Ada yang beda hari itu. Pak Tarman Azzam –begitu kami selalu menyapa beliau– tampil bak orator. Ia memang memiliki kelebihan terutama kecakapan dalam berkomunikasi. Selain sebagai wartawan Pak Tarman adalah sosok intelektual yang memiliki pengetahuan luas dan sebagai seorang pembelajar.
Selalu ada ilmu dan nasehat yang mengalir dari mulutnya. Baik dalam diskusi kecil di rumah makan atau di lobi hotel ataupun di podium. Dari ungkapan yang sifatnya ilmiah hingga jenaka selalu melekat pada sosok yang tampil bersahaja itu.
Saat memberikan sambutan pada acara pelantikan yang juga dihadiri Gubernur Maluku Karel Alberth Ralahalu tersebut Pak Tarman menyentil soal peran pers, pembangunan dan kepemimpinan masa depan di Maluku dengan penuh semangat.
Seorang pemimpin, kata Tarman Azzam, selain memiliki akal yang banyak ia harus memiliki integritas tinggi. Berkarakter kuat, pembela rakyat, bermoral baik, jujur, tidak mengeluh, dan tidak tercela.
Selain punya jiwa visioner dan memiliki kemauan positif bagi kemajuan untuk masa depan, kata Tarman Azzam, seorang pemimpin di daerah juga harus punya posisi tawar yang kuat di tingkat nasional.
Momentum reformasi di bidang otonomi daerah yang telah dimulai sejak tahun 2002 mengharuskan setiap pemimpin di daerah dituntut mengambil peran mengisi keberlangsungan pembangunan dan meningkatkan kesejahteraan rakyat.
Tentu itu tidaklah cukup. Ada banyak faktor penentu selain membutuhkan peran kepemimpinan daerah (local leadership) juga dibutuhkan keterlibatan peran dari lembaga-lembaga politik, ekonomi, hukum, agama, sosial budaya, dan pers (media massa).
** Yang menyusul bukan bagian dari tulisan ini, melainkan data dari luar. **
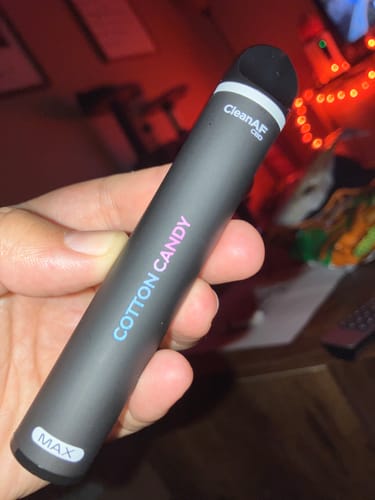 Customer photo review of Cotton Candy CBD Vape Pen - 500mg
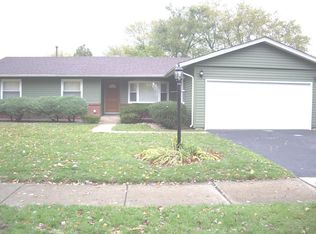 1177 Carlisle Ave, Elk Grove Village, IL 60007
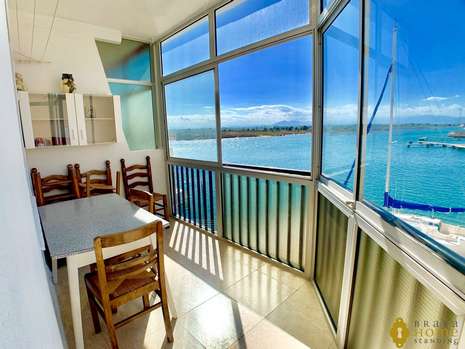 Bel appartement avec une superbe vue canal, à 100m de la plage de Santa Margarita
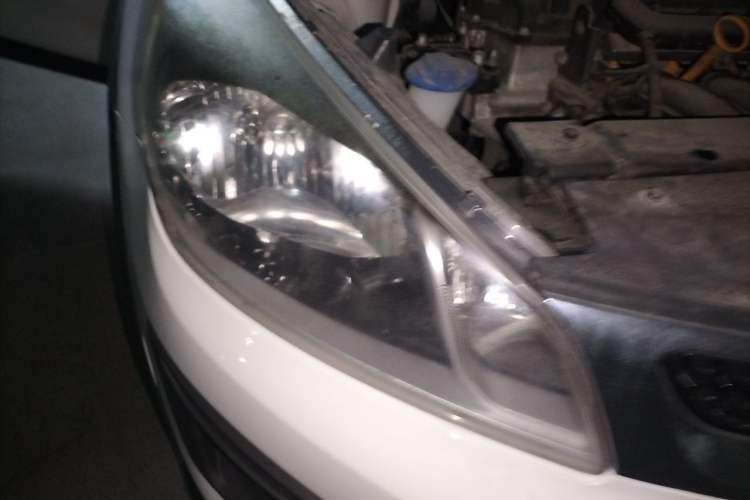 Used Kia KX Cross 2017 1.4L AT GLS Right Front Headlight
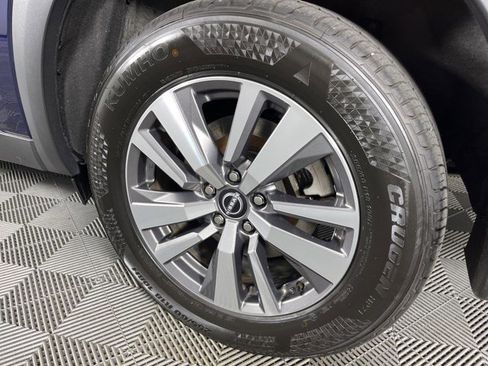 Used 2022 Nissan Pathfinder SL AWD/4WD image 10
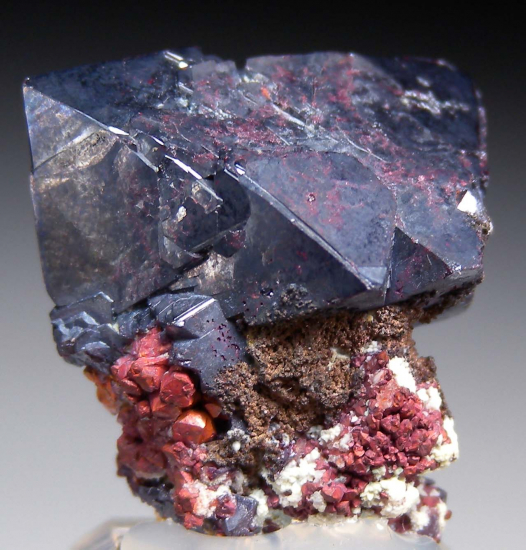 Cuprite with Silver, Copper from Rubtsovskiy Mine, Altaiskiy Krai, Siberia, Russia [db_pics/pics/r331c.jpg]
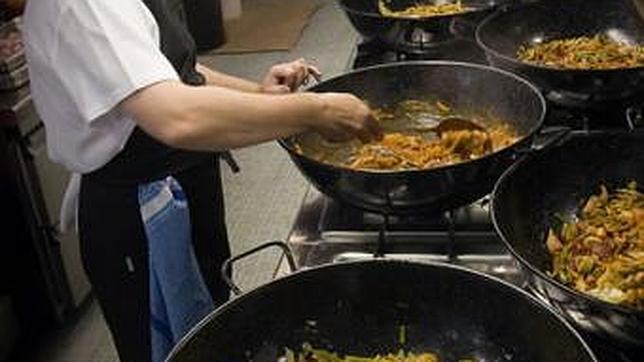 La cocina de Casa Salvador, un templo de los arroces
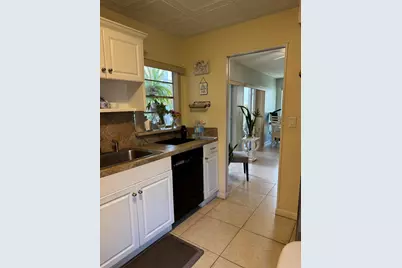 7 N Greenway Vlg Village N #107, Royal Palm Beach, FL 33411 - Photo 5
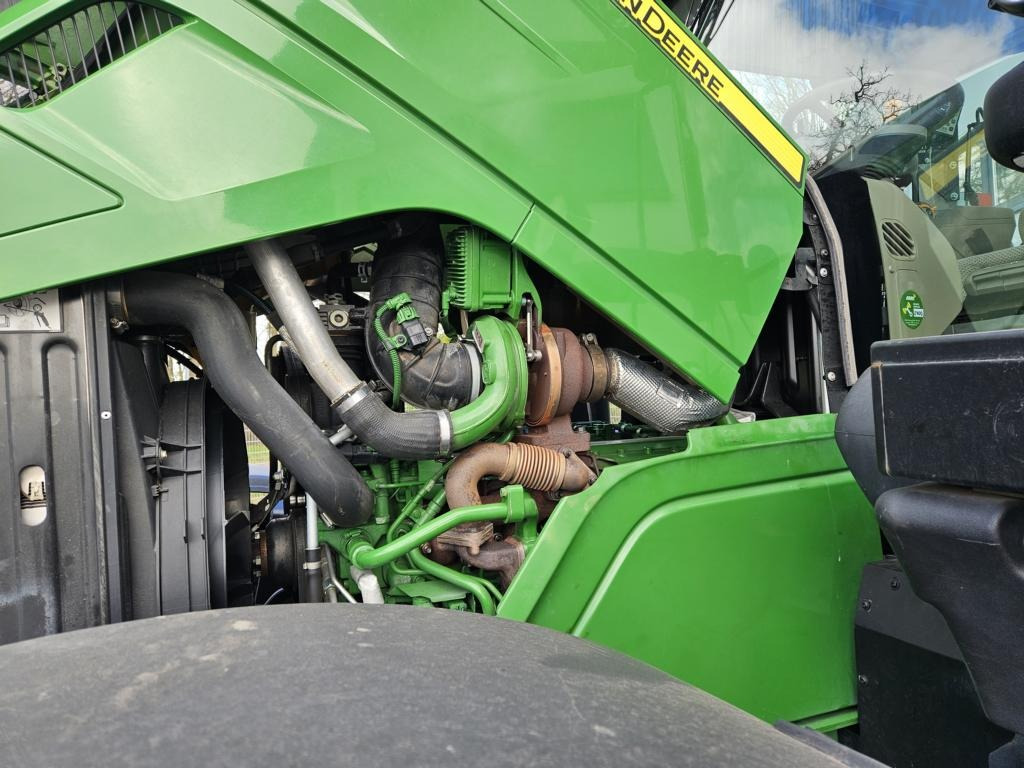 John Deere 6195R - Traktor: 5 kép. John Deere 6195R - Traktor: 5 kép.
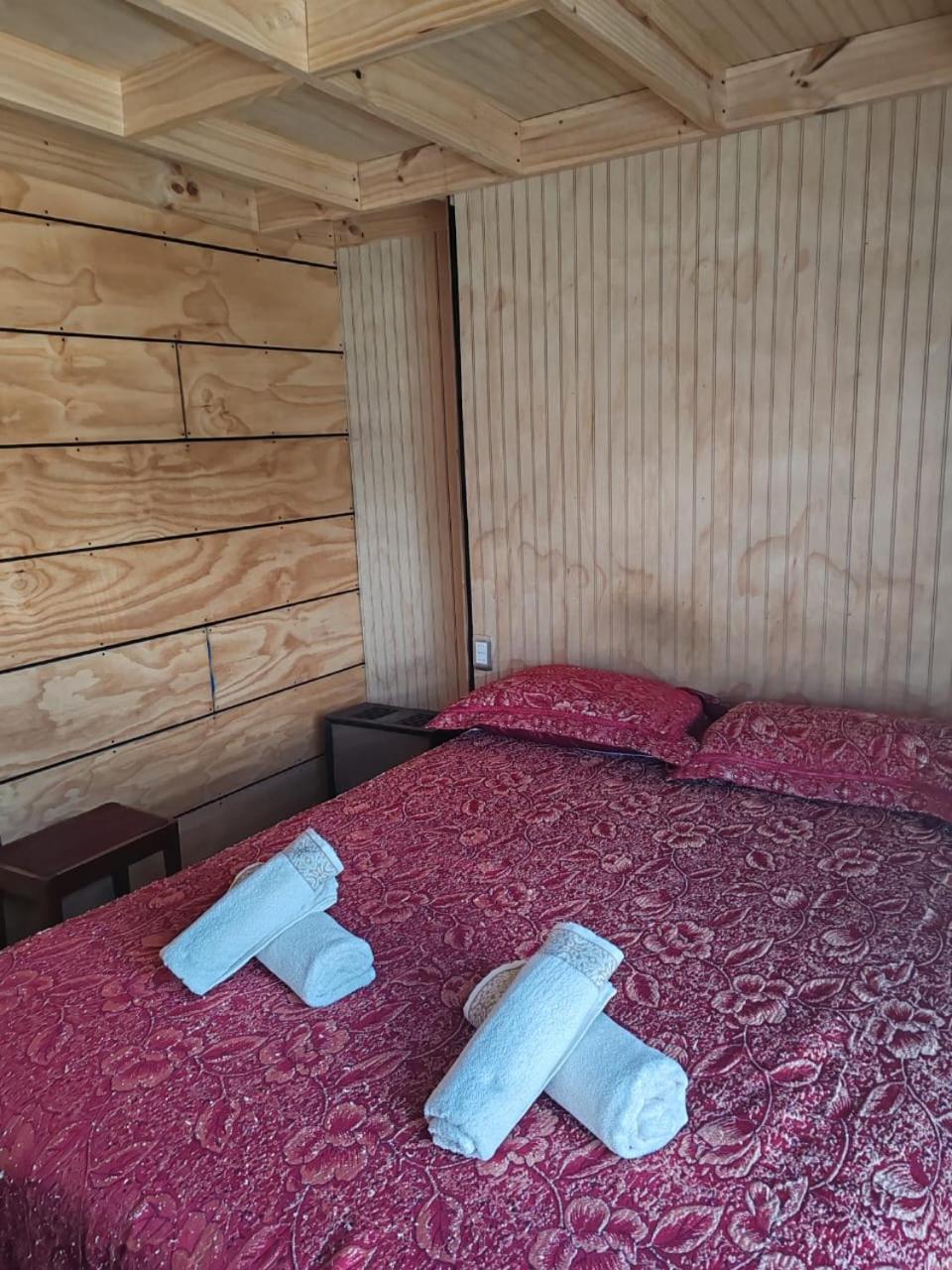 Cabana "Sur Patagonico" Пуерто-Наталес Екстер'єр фото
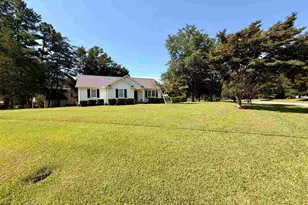 201 Cox Ridge Ct, Travelers Rest, SC 29690 - Photo 2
Sejauh mana peran serta mereka mewujudkan public participation ini tentu sangatlah menentukan.
Di tengah daerah lain memacu diri berjuang keras membangun dan meningkatkan kesejahteraan rakyat yang secara nasional mengalami kemajuan signifikan — Maluku tentu tak boleh ketinggalan dan menjadi tanggung jawab semua pemangku kepentingan di daerah ini.
Dengan APBD Provinsi Maluku yang belum melampaui Rp 700 miliar itu berarti tak lebih baik dari provinsi baru seperti Maluku Utara, Gorontalo, dan Papua Barat. Ini bila dilihat dari income perkapita Maluku hanya Rp 3,4 juta atau masih jauh di bawah rata-rata nasional yang telah sekitar US $ 1.200.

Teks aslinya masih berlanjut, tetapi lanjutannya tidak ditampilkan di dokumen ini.